We strode back down the hall of portraits, through the multiple
and guarded doors. But we did not enter the sacred bedchamber. Instead,
we turned into another room, also lavishly furnished. “Why
are we in here?” I asked him, rather stupidly.
He smiled at me in amusement and said, “Because this is your
room.” I blinked in astonishment. It occurred to me that I
would never again be opening my eyes from a bed in the Gelotiana.
Macedo continued, “Although it is not likely you will be sleeping
in here too often.”
I turned to him. He was staring at me with a combination of stern
pride and happy triumph. At last he spoke: “Your time is your
own until sundown. Prepare yourself however you will. Sleep, bathe,
play, work – whatever you wish. But be ready for him.”

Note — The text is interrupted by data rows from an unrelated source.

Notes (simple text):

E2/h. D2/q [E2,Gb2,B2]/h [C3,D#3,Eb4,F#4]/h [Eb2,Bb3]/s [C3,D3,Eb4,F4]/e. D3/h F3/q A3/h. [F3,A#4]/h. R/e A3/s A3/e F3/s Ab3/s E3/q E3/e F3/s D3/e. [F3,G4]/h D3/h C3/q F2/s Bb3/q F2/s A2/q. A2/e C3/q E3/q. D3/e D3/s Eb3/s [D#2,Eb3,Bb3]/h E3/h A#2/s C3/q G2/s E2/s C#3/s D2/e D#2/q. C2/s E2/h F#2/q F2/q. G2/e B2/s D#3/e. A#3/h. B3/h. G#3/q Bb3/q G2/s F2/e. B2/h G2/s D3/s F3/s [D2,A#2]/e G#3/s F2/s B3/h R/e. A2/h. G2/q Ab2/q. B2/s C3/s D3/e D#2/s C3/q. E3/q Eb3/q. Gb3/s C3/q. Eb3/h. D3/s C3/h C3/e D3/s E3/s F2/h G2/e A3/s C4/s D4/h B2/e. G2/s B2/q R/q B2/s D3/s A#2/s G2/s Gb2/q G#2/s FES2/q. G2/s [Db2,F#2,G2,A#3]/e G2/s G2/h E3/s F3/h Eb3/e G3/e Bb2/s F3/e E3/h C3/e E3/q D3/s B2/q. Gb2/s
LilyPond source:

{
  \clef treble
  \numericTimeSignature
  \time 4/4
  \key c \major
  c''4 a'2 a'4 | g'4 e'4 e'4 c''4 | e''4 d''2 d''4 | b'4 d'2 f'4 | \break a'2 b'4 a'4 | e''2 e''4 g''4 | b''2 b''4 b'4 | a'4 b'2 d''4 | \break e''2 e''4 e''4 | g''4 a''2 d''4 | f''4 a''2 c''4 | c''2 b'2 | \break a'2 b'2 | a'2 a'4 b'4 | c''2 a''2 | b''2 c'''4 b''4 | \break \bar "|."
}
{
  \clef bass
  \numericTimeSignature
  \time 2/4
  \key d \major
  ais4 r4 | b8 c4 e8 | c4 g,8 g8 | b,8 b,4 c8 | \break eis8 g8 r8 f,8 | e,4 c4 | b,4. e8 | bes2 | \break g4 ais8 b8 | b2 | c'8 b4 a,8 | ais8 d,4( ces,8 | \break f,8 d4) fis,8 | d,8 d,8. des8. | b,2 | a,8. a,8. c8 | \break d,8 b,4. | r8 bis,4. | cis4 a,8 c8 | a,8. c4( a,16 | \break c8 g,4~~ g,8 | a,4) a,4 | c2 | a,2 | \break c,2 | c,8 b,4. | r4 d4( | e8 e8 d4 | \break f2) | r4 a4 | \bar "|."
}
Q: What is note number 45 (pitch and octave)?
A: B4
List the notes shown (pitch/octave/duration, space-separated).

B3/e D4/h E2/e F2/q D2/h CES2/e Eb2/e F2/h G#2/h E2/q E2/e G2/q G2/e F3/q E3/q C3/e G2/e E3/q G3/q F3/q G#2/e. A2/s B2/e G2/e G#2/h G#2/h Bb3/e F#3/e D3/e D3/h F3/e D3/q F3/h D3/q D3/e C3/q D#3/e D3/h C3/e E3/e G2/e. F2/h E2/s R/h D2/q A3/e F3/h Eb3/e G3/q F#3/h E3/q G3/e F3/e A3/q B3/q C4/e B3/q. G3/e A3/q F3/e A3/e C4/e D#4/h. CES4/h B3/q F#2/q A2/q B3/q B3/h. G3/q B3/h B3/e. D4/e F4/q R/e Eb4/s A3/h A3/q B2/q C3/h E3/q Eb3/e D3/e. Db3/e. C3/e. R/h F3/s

I nodded in comprehension. He bowed his head respectfully, turned
and left, pulling the door closed behind him.
Once alone, I explored my environs, noting the luxurious linens;
the array of fine togas, sandals, and overcoats; and – most
tellingly – the ample stock of parchment upon a deep and spacious
wooden desk. At all other points in the empire, the highest officials
of government routinely write on wax. But here upon the Palatine
(and even, remarkably, upon the Caelian!) I have consistently been
spoiled with the luxury of writing on parchment. What shall I make
of that? How shall I comprehend it? Perhaps there is no use trying.
Let me scribble on, therefore – recklessly and with abandon
– to pour upon these expensive pages my inky amazement at
the unexpected and rarefied opulence that now encircles my life.